Background

The reported incidence of femoral post-catheterization pseudoaneurysms after coronary angioplasty and general intervention is 2–8% and 1.1%, respectively (Katzenschlager et al. 1995; Lumsden et al. 1999). Although ultrasound-guided compression is a simple and less invasive treatment for iatrogenic femoral arterial bleeding, this method has its disadvantages, including prolonged procedure time, discomfort for patients, and recurrence risk (0–20%) (Liau et al. 1997). Traditionally, surgical repair is the standard management method in failed cases of ultrasound-guided compression. Ultrasound-guided thrombin injection (UGTI), developed in recent years, has a relatively high success rate (92–98%) and has been the first-line choice nowadays (Vlachou et al. 2011). However, 17–23% of patients who underwent the procedure required more than one injection (Paulson et al. 2000). In addition, it can cause acute lower limb ischemia due to the escape of thrombin into the circulation despite with or without balloon protection of the neck. (Bhat and Chakraverty 2007; Paulson et al. 2001).

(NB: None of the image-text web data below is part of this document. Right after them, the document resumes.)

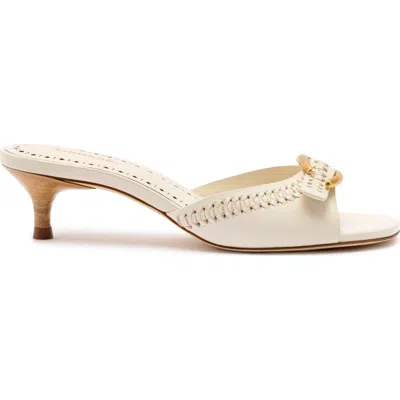 Larroude Larroudé Verona Mule In Ivory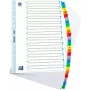 Ficheiro ELBA Mylar, A-Z, 26 peças, A4, 210 x 297 mm, separadores coloridos (596581-20)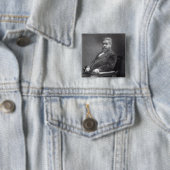 Badge Carré 5 Cm Révérend Charles Haddon Spurgeon (En situation)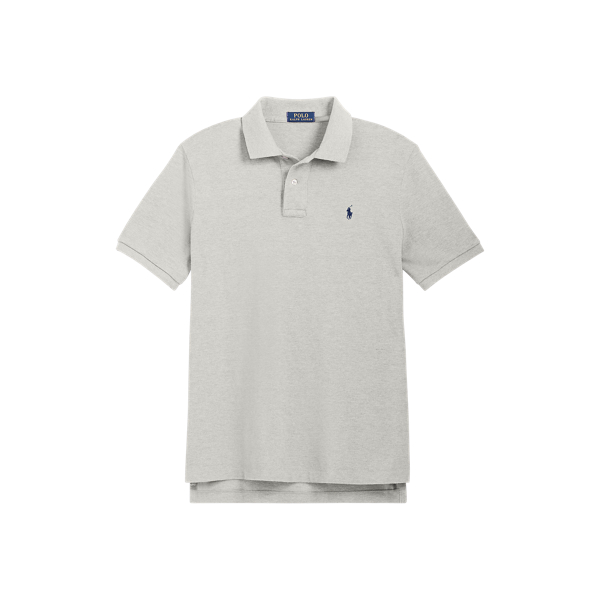 Polo Ralph Lauren Slim fit mesh poloshirt met stretch 1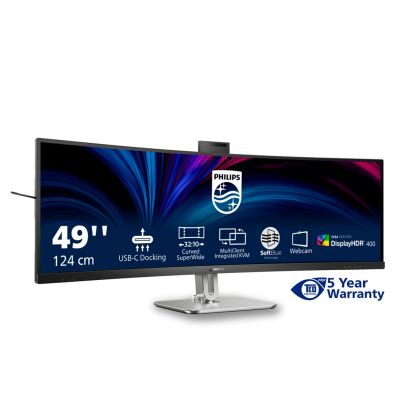 34. Philips 49B2U6900CH/00 computer monitor 124 cm (48.8") 5120 x 1440 px Dual QHD LCD Black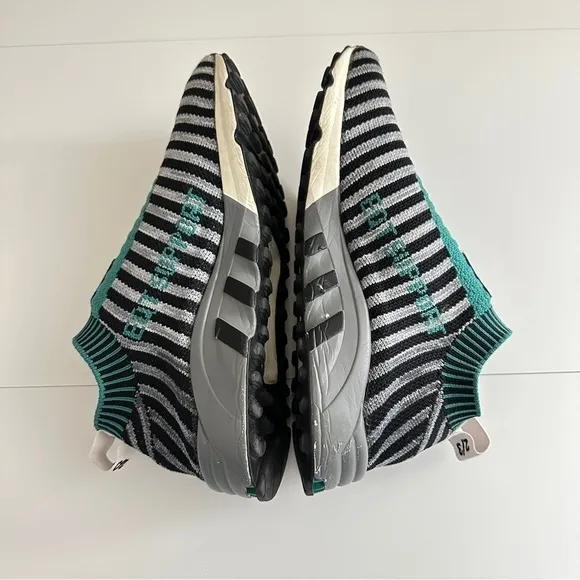 Adidas Women’s EQT Support Sock Primeknit Core Black Sub Green sz W8/M7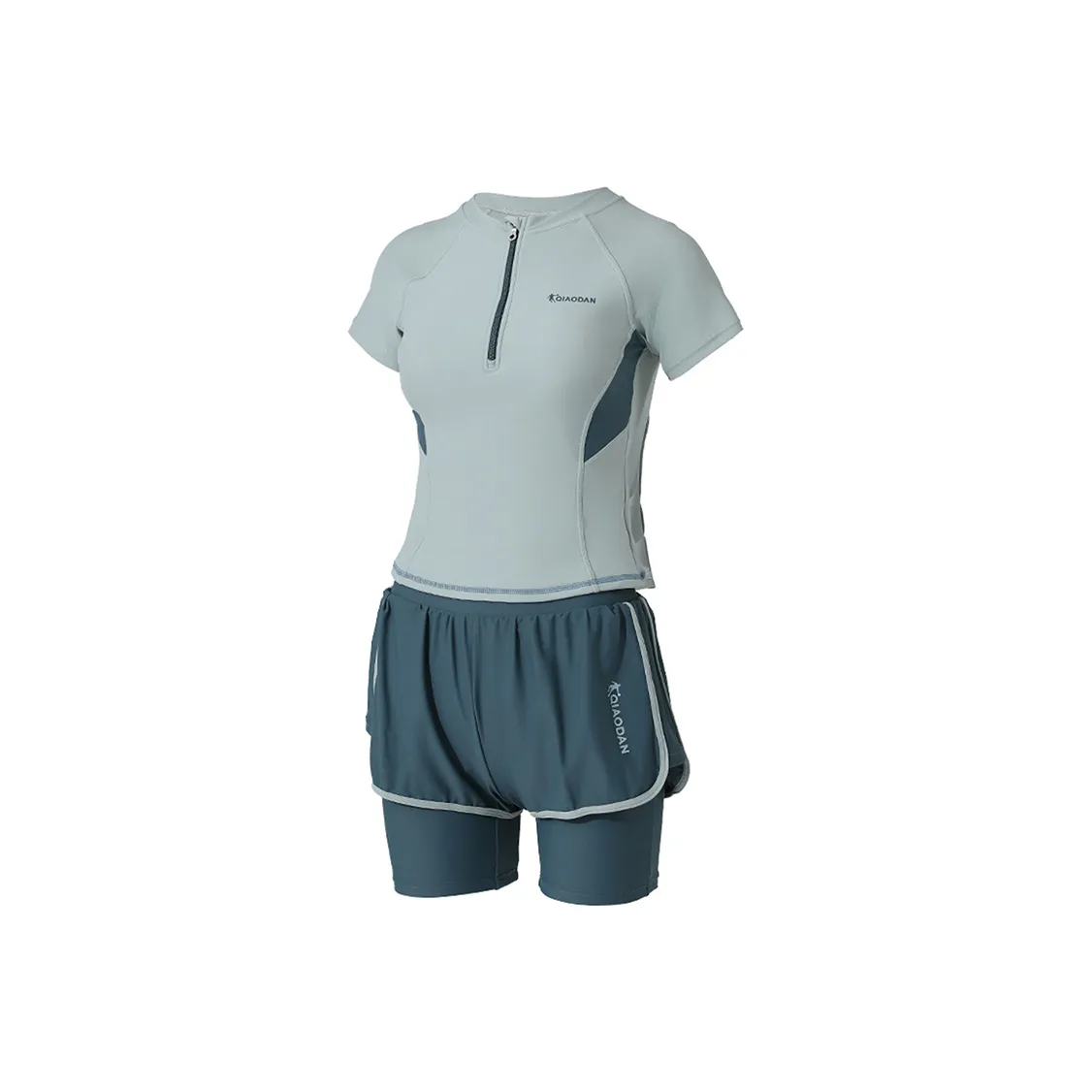 QIAODAN Двухкомпонентный купальник женский горохово-зеленый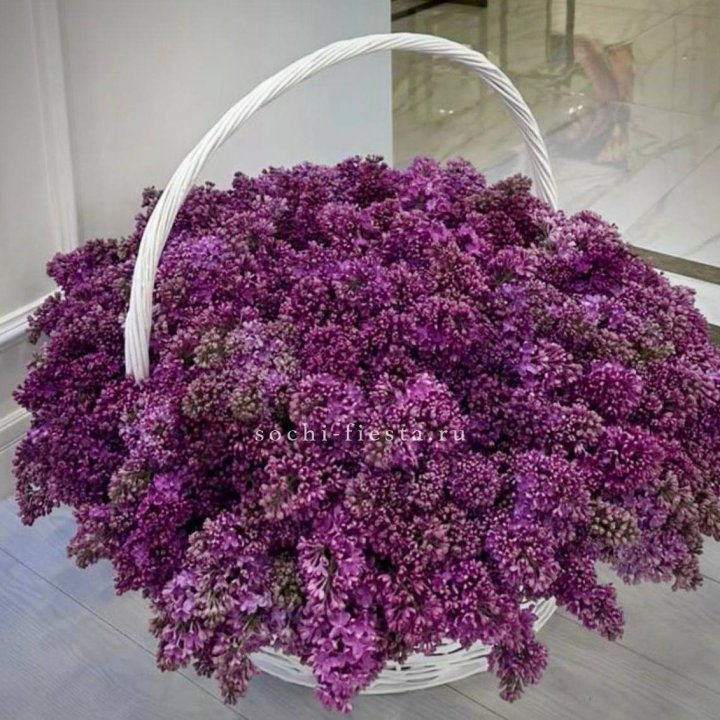 Корзина сирени в Нижневартовске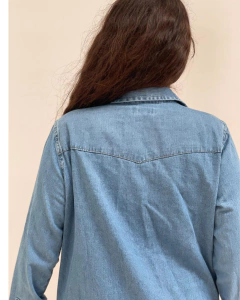 CAMISA DE JEANS (13003) - tienda online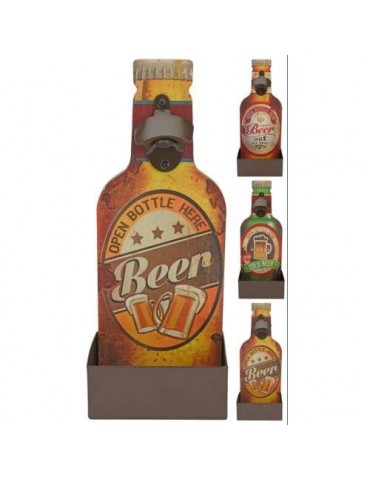 ABRE BOTELLAS CHAPAS DECORADO 14X10X36 CM.
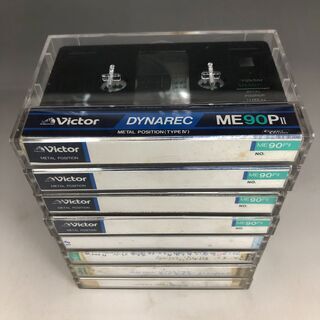 JU1/34　メタル　カセットテープ　8本　Victor　ビクタ...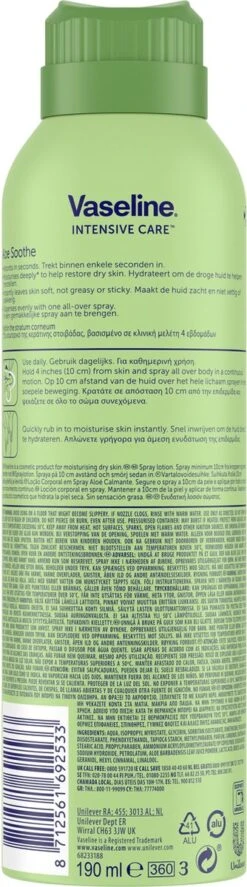 Vaseline® Vaseline Lotion Spray AloeFresh 6 X 190 Ml -Verzorgingsproducten 334x1200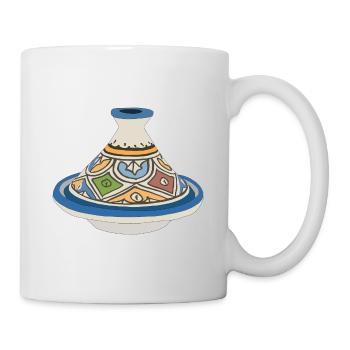 Tajine coloré - Mug blanc - blanc - Droite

Balloon-assisted transcatheter arterial embolization (TAE) using an n-butyl cyanoacrylate (NBCA) and lipiodol (Lp) mixture is a new endovascular treatment technique for iatrogenic arterial bleeding by groin puncture. It is less invasive compared to surgical repair, and NBCA migration into the circulation can be prevented by temporary balloon occlusion of the parent artery without ultrasound-guidance. Therefore, this new technique may be an alternative option for pseudoaneurysms where thrombin injection is failed or risky.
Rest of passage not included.